WHAT YOU NEED TO DO: Your answer must be an exact copy of the records, minus any pictures.

GIVEN INFORMATION:
BEGIN
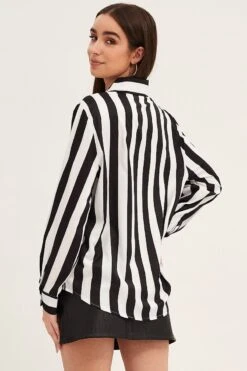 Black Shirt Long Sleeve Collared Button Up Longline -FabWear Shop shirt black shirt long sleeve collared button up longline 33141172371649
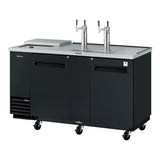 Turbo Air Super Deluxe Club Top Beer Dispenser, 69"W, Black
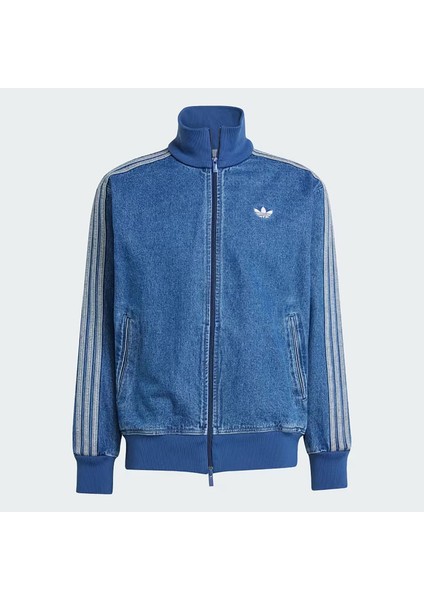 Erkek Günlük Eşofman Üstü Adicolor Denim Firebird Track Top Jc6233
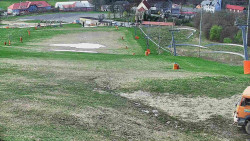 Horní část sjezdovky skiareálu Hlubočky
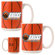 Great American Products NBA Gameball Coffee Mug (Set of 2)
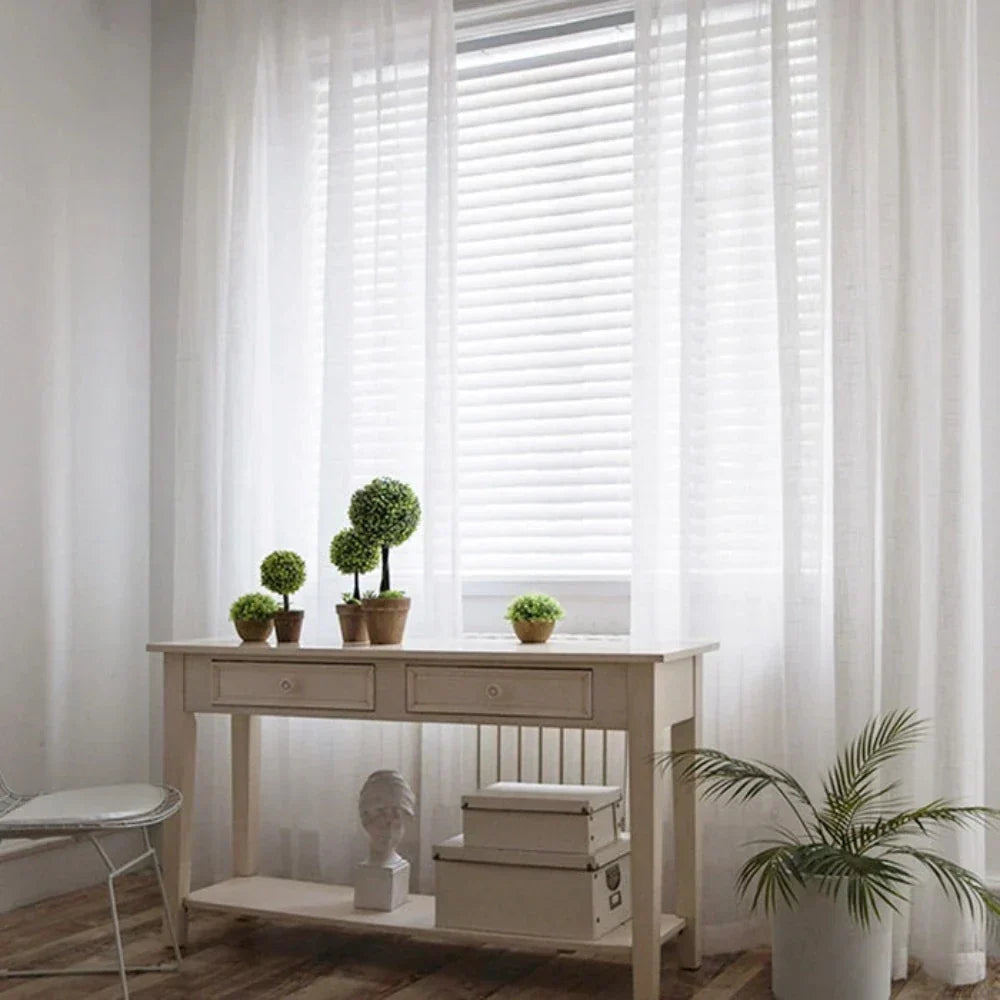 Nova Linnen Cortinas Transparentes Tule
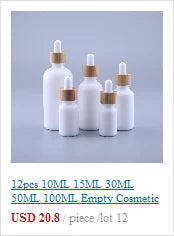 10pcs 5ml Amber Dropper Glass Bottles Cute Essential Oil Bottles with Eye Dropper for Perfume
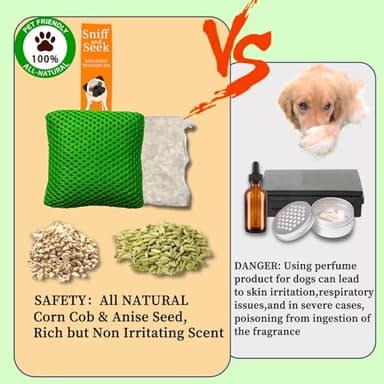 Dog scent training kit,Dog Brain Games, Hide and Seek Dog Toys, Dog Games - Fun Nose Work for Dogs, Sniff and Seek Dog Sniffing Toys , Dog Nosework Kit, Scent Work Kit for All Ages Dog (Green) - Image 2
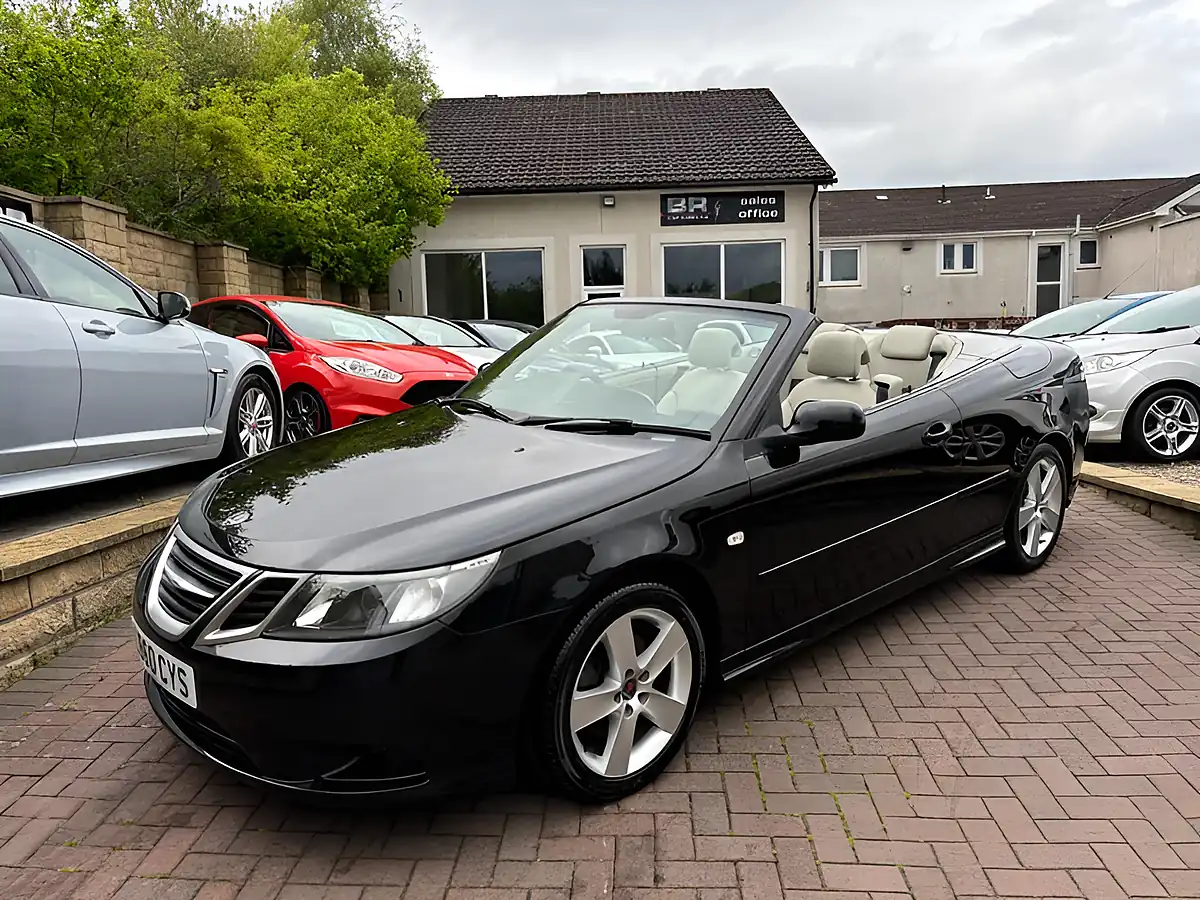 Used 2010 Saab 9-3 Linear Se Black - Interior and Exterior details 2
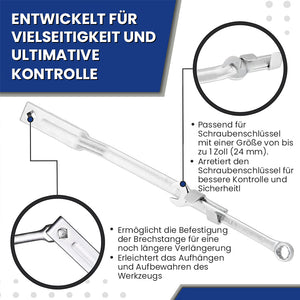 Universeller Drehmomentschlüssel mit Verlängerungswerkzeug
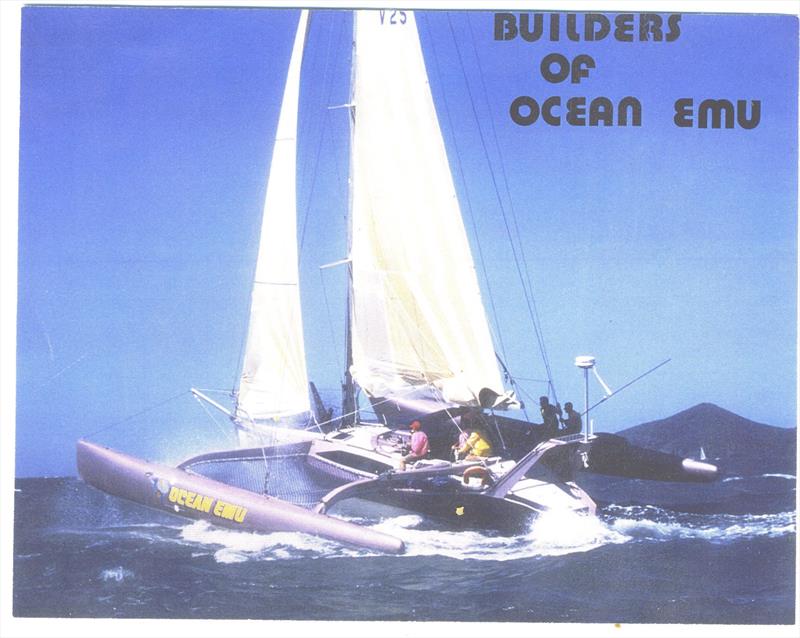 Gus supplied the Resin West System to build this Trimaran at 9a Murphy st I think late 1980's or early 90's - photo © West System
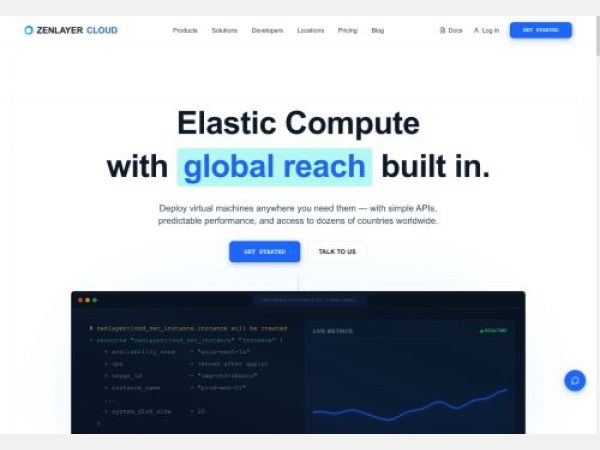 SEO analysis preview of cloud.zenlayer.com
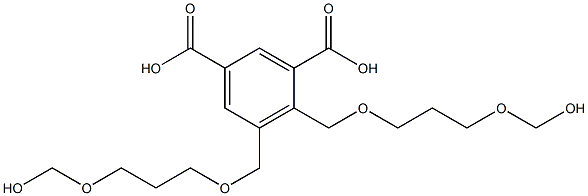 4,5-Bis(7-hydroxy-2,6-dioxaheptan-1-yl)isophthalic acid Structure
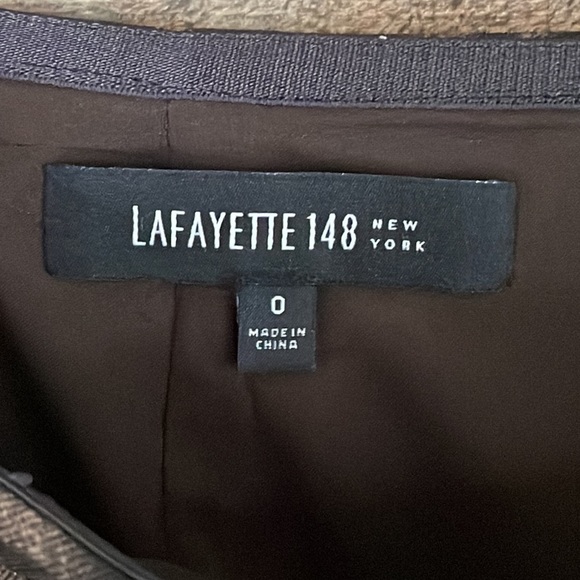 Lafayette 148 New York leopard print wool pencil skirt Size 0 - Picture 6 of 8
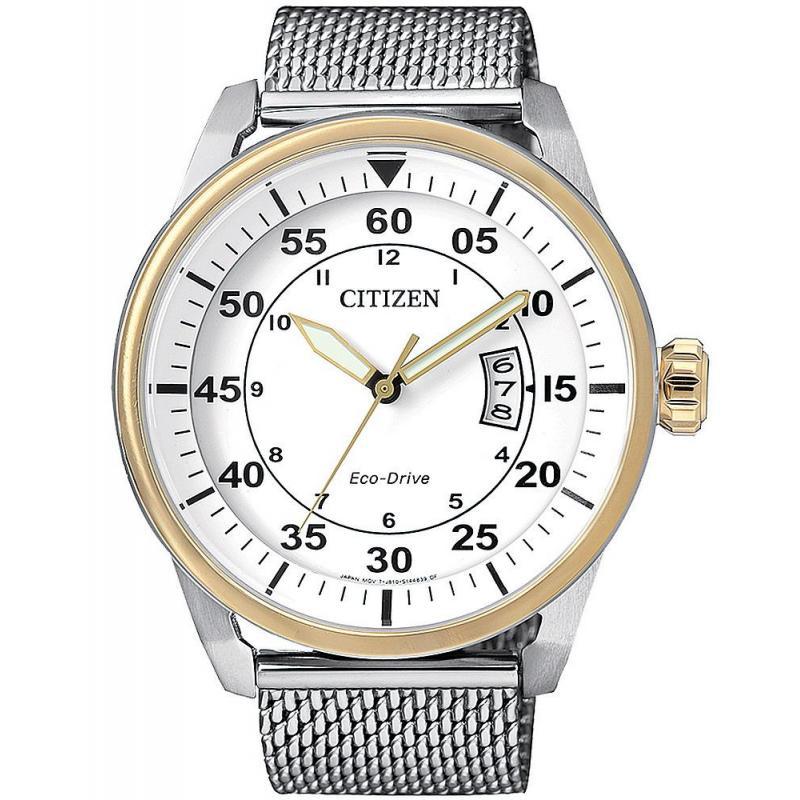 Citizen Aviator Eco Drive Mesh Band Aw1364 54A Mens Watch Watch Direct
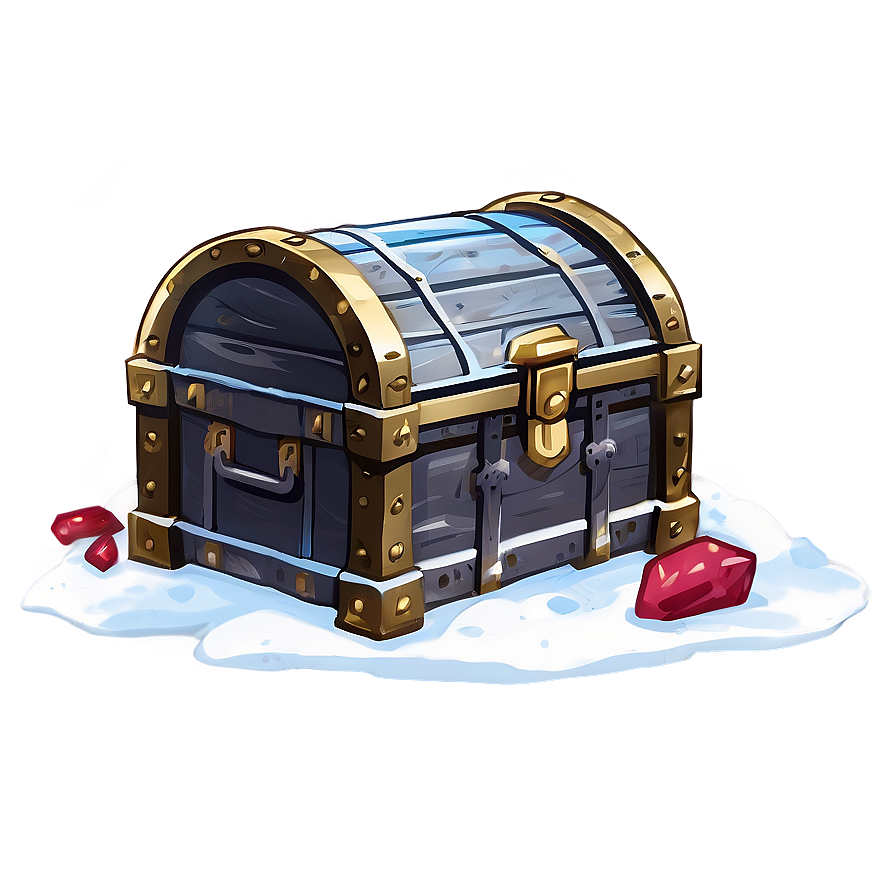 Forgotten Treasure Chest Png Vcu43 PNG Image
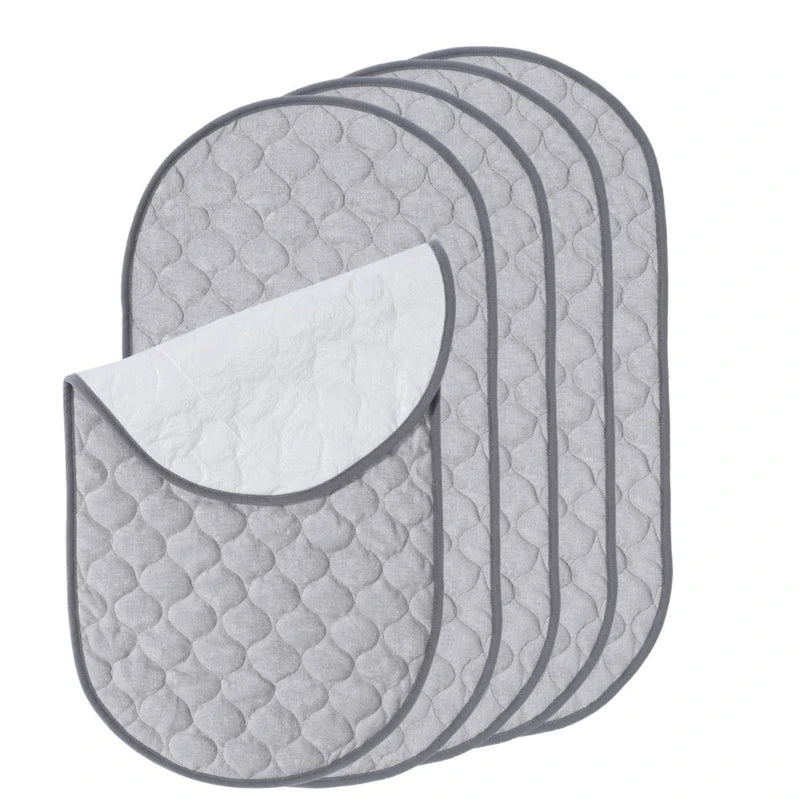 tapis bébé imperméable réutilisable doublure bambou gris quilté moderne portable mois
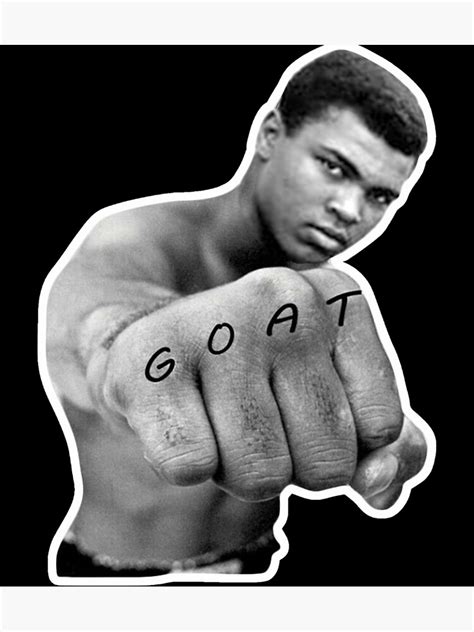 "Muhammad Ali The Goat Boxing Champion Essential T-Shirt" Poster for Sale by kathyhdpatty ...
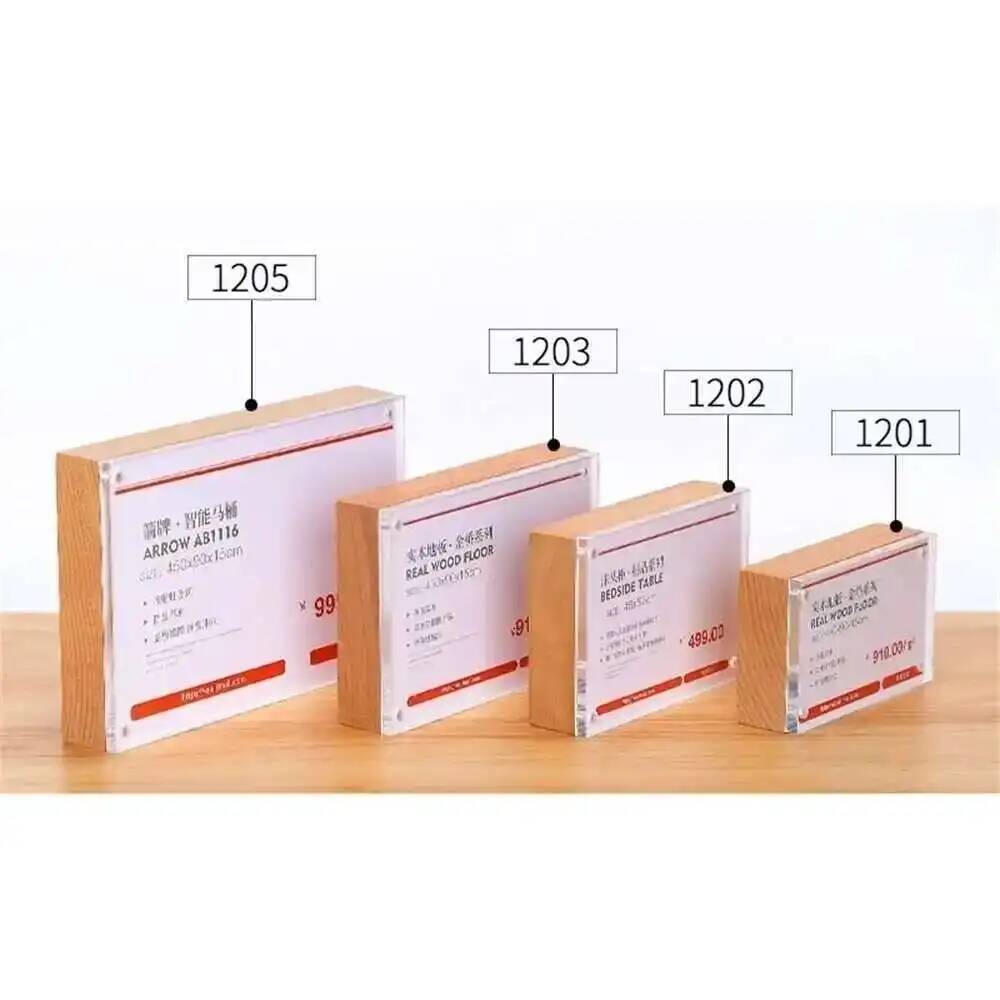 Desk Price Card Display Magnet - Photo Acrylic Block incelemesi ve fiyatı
END
ANSWER BOX:
 Black Shirt Long Sleeve Collared Button Up Longline -FabWear Shop shirt black shirt long sleeve collared button up longline 33141172371649
 Turbo Air Super Deluxe Club Top Beer Dispenser, 69"W, Black
 Erkek Günlük Eşofman Üstü Adicolor Denim Firebird Track Top Jc6233
 Horní část sjezdovky skiareálu Hlubočky
 Great American Products NBA Gameball Coffee Mug (Set of 2)
 Nova Linnen Cortinas Transparentes Tule
 10pcs 5ml Amber Dropper Glass Bottles Cute Essential Oil Bottles with Eye Dropper for Perfume
 Dog scent training kit,Dog Brain Games, Hide and Seek Dog Toys, Dog Games - Fun Nose Work for Dogs, Sniff and Seek Dog Sniffing Toys , Dog Nosework Kit, Scent Work Kit for All Ages Dog (Green) - Image 2
 Used 2010 Saab 9-3 Linear Se Black - Interior and Exterior details 2
 Universeller Drehmomentschlüssel mit Verlängerungswerkzeug
 Gus supplied the Resin West System to build this Trimaran at 9a Murphy st I think late 1980's or early 90's - photo © West System
 SEO analysis preview of cloud.zenlayer.com
 4,5-Bis(7-hydroxy-2,6-dioxaheptan-1-yl)isophthalic acid Structure
 Lafayette 148 New York leopard print wool pencil skirt Size 0 - Picture 6 of 8
 Citizen Aviator Eco Drive Mesh Band Aw1364 54A Mens Watch Watch Direct
 Forgotten Treasure Chest Png Vcu43 PNG Image
 tapis bébé imperméable réutilisable doublure bambou gris quilté moderne portable mois
 "Muhammad Ali The Goat Boxing Champion Essential T-Shirt" Poster for Sale by kathyhdpatty ...
 Desk Price Card Display Magnet - Photo Acrylic Block incelemesi ve fiyatı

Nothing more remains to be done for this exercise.